Nadie quería quedarse fuera de California por lo que empezaron a reducir las emisiones de sus coches. La mayoría optó por bajar la potencia de los coches y más o menos limitar el motor de sus coches. Así, los estadounidenses terminaron a finales de los años 70 con, por ejemplo, un Corvette de 190 CV a pesar de un V8 de 5.7 litros. Ford, optó por una solución diferente.
El sistema de control de emisiones Thermactor de Ford equipó toda clase de modelos del fabricante, como el F-150 y hasta el Mustang.
Antes de capar nada, en Ford se leyeron las normas. Ya sabes, cuando se quiere hacer trampa lo primero que se hace es mirar el reglamento. Como en el automovilismo en general. Así que miraron el reglamento y en él ponía que un coche no podía emitir más de equis gramos de CO2 por kilogramo de aire expulsado por el tubo de escape.
¿Y qué hicieron? Dejaron el motor completamente original, igual que siempre, y añadieron una bomba de aire. Esta bomba aspira aire y lo expulsa dentro de los colectores de escape. Oficialmente, el sistema favorece la combustión de los residuos que no se han terminado de quemar en el motor. Para una mejor combustión, se necesita más aire. Y cuanto más aire haya en el entorno ultra caliente de los colectores de escape, debería quemar lo que haya allí en ese momento. Y lo llamaron Ford Thermactor.
Sin embargo, en Ford se lo tomaron al pie de la letra y se centraron en la parte de la norma que hace mención a los “gramos de CO2 por kilogramo de aire expulsado por el tubo de escape”. Es decir, se centraron en el ratio y no en la reducción efectiva de las emisiones. Y es exactamente lo que hace el Thermactor: lograr cumplir con la norma al aumentar la cantidad de aire expulsado sin reducir realmente la cantidad de CO2 y NOx.
El principio es el mismo que con un café corto o largo. Una determinada cantidad de café con muy poca agua, tienes un espresso. Pero cuanta más agua le eches, más te acercarás al café americano. La cantidad de café no habrá variado, pero si la intensidad del sabor al final.

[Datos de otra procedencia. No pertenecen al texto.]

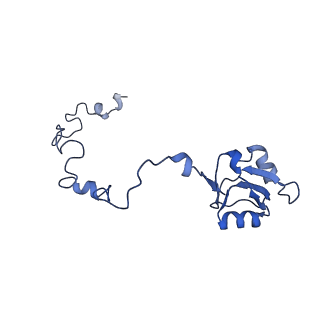 16616_8cf5_M_v1-6
Translocation intermediate 1 (TI-1) of 80S S. cerevisiae ribosome with ligands and eEF2 in the presence of sordarin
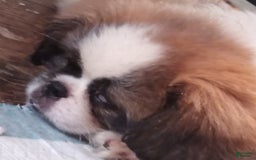 Pekingese dogs for sale: Charlie - Image 14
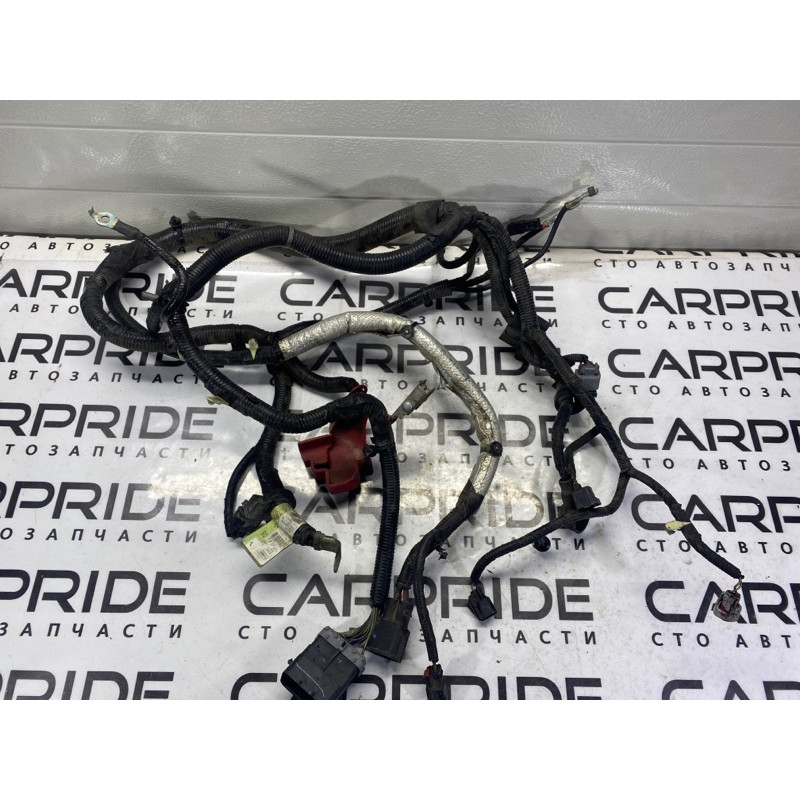 Проводка моторная (электрика двигателя) FORD Fusion MK5 2014 2.5 DG9Z14300D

Por ejemplo, si tu motor en general en un minuto expulsa unos 20 kg de gases por el escape de los cuales 5 kg son contaminantes. Pero si se inyecta más aire, pongamos 10 kg más, van a salir 30 kg de gases, de los cuales 10 kg más serían “aire limpio", digamos. Eso significa que si tienes contaminantes en tu motor, cuanto más “aire limpio" saques por el escape, más se van a diluir.
Concretamente, si por ejemplo un Ford emite, pongamos, 20 kg totales de aire de los cuales 5 kg serían de CO2. Tendríamos unas emisiones de 0,25 kg (250 gramos) de CO2 por kg expulsado por el escape.
El CO2 sería el 25% de los gases totales. Con la instalación del Thermactor, supongamos que la cantidad total de aire sube a 30 kg totales, con los mismos 5 kg contaminantes, pues los 10 kg de aire adicionales se inyectaron después de la combustión en el motor. Tendríamos entonces 0,167 kg (167 gramos) de CO2 por kg expulsado.
La cantidad absoluta de contaminantes, 5 kg, es la misma, pero al diluirlos con más aire, la concentración baja. La normativa de California medía en gramos de CO2 por kilogramo de aire expulsado, así que Ford simplemente inyectó más aire para bajar ese ratio, sin reducir realmente la contaminación total. ¿Y qué pasa entonces con los coches? Nada, técnicamente, cumplen con la ley.
Hoy, el sistema ya no está presente en los Ford norteamericanos, aunque muchos siguieron equipando el Thermactor hasta bien entrados los años 90.